Chilaquiles colombianos

Ingredientes para 5 personas
Paquete de arepas paisas de vida corta (sin poprionato), tres libras de tomate rojo maduro (advertencia: en los mercados de Colombia se consigue un tomate enano que siempre está verde, y que es el favorito en México), dos cucharadas soperas de azúcar, una cucharadita de sal, una pechuga de pollo, un manojo de cilantro (opcional) una pizca de ají colombiano (preferiblemente amazónico o una ahumado que hacen en Caquetá, en reemplazo del chile, que también aquí hay gran variedad), 125 gr de queso reinoso (de Paipa, Boyacá) o un sobre de parmesano; 200 gr de queso doble crema para fundir. 1 cebolla cabezona. 2 dientes de ajo. 1 pimentón.

Preparación:

*El pollo: Adobar y cocinar pechuga en olla express. Sellar para que conserve los sabores en la cocción. Hervir hasta el primer pito. Punto a demenuzar. Reserve. Pollo y caldo.

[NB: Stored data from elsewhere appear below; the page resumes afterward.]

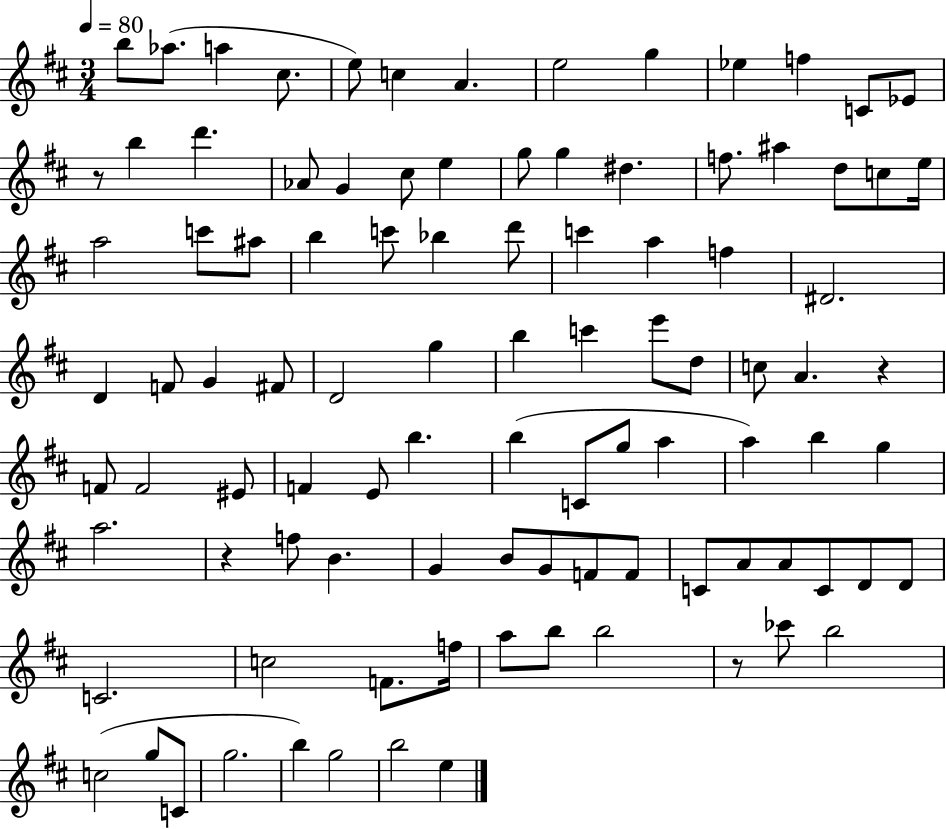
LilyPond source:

{
  \clef treble
  \numericTimeSignature
  \time 3/4
  \key d \major
  \tempo 4 = 80
  \repeat volta 2 { b''8 aes''8.( a''4 cis''8. | e''8) c''4 a'4. | e''2 g''4 | ees''4 f''4 c'8 ees'8 | \break r8 b''4 d'''4. | aes'8 g'4 cis''8 e''4 | g''8 g''4 dis''4. | f''8. ais''4 d''8 c''8 e''16 | \break a''2 c'''8 ais''8 | b''4 c'''8 bes''4 d'''8 | c'''4 a''4 f''4 | dis'2. | \break d'4 f'8 g'4 fis'8 | d'2 g''4 | b''4 c'''4 e'''8 d''8 | c''8 a'4. r4 | \break f'8 f'2 eis'8 | f'4 e'8 b''4. | b''4( c'8 g''8 a''4 | a''4) b''4 g''4 | \break a''2. | r4 f''8 b'4. | g'4 b'8 g'8 f'8 f'8 | c'8 a'8 a'8 c'8 d'8 d'8 | \break c'2. | c''2 f'8. f''16 | a''8 b''8 b''2 | r8 ces'''8 b''2 | \break c''2( g''8 c'8 | g''2. | b''4) g''2 | b''2 e''4 | \break } \bar "|."
}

*La salsa: Hervir los tomates hasta que la piel se resquebraje (opcional: en una bandeja de loza, porque las plásticas producen radicales libres que producen cáncer etc. lleve los tomates cortados al microondas por 8 minutos). Después moler en licuadora. Pase esta pulpa por colador y vierta en cazuela que llevará al fuego hasta que reduzca y espese. Agregue a la salsa dos cucharas de azúcar (para restar acidez), cucharada de sal, brizna de orégano, triz de comino y un poco de caldo de pollo reservado. Agregue a la salsa pollo desmechado.

*Las arepas: Asar las arepas antioqueñas (yo recomiendo las santandereanas) en un tejo, hasta que empiecen a broncearse. Poner queso a fundir sobre la arepa. Llevar al plato y ahogar la arepa en salsa y pollo. Agregar briznas de cilantro y queso Paipa rayado.
Si las desea con un toque de bandera mexicana, ponga cebolla en gajos, pimentón verde en cuadros (200 pesos) y un chorro de crema de leche (1.200).

Nota: En la plaza de Santo Domingo, centro del D.F. puede degustarse chilaquiles preparados con la misma receta de la época de la revolución, y el mismo chile en Nogada que comió Pancho Villa. En el Sanborns de los azulejos, aledaño al zócalo, venden chilaquiles de Pancho Villa, muy laxantes, por cierto, pero los puedes comer sentado en la misma silla donde los comió Villa y ver el disparo que dejó como recuerdo.

En el restaurante El Popular, calle de Santa Lucía, venden los más exquisitos de todos los chilaquiles, a bajo precio.